SOUTH KINGSTOWN – The first quarter of 2013 ended on a “positive” note following a weakening start to the year, according to University of Rhode Island economist Leonard Lardaro’s Current Conditions Index, released Monday.
“Hopefully [this] signals that Rhode Island’s slowing pace of economic activity was only short-lived, although we probably won’t know for sure until late summer,” Lardaro said in prepared remarks. “At any rate, this was a fairly good way to begin the third year of this recovery.”
Lardaro’s CCI puts a figure to the state’s economic performance over a dozen metrics, measuring momentum, not values.
A CCI indicator greater than 50 indicates progress, while a value less than 50 signals setbacks.

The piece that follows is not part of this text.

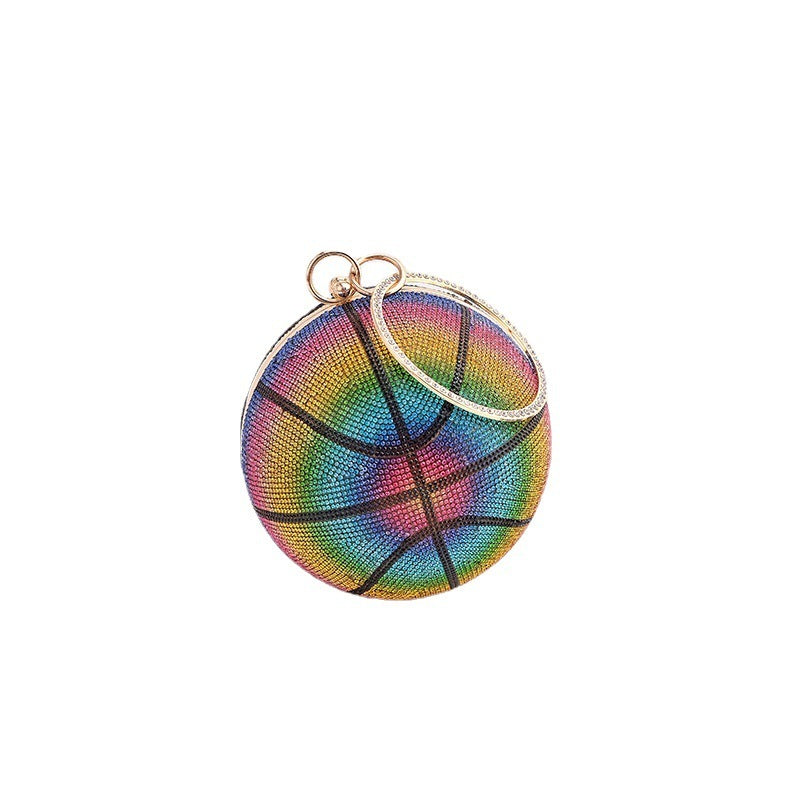 Fashionable-clutch-adorned-with-colorful-basketball-theme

The CCI for March was 83, up from 67 in February and up from 58 in March 2012.
Lardaro in the CCI for March pointed that both January and February saw CCI declines over the previous months.
“In spite of the monthly fluctuations we witnessed in the first quarter, the CCI did average 75 over that period, a respectable value,” he said. “And while the CCI values for each of the first three months this year might be viewed as somewhat discouraging relative to what we saw in the second half of 2012, all three did manage to exceed their year-earlier values.”
Lardaro said March’s CCI was helped by the retail sales indicator which reversed the loss it experienced in February, showing a 2.4 percent improved value.
Other positive indicators were a 21.8 percent rise in single-unit permits, a 2.9 percent rise in U.S. consumer sentiment, a 26.6 percent decrease in benefit exhaustions, a 4.6 percent increase in employment service jobs, a 2.5 percent increase in total manufacturing hours, a 4.5 percent increase in the manufacturing wage, and a 1.5 percent decrease in the unemployment rate.
Smaller gains were seen in a 0.7 percent increase in private, service-producing employment, and a 0.1 percent improvement value in the labor force.
Negative indicators, however, included a 8.2 percent rise in new unemployment claims.
“New claims, which reflects layoffs, has begun to rise on a year-over-year basis, an unwelcome development,” Lardaro said. “It has also been trending higher on a month basis since the third quarter of last year, which could signal is further lack of improvement in future months.”
There also was a 1 percent loss in government employment.
Lardaro also pointed to caution that Rhode Island’s unemployment rate falling to 9.1 percent in March was “not as significant an indicator of Rhode Island’s momentum as many here seem to believe.”
“Not only is the unemployment rate a lagging economic indicator, its monthly declines from 9.9 percent to 9.1 percent have been accompanied by corresponding decreases in our state’s labor force, reflecting the fact that some of our state’s jobless residents have dropped out of the labor force and no longer counted among the unemployed,” he said.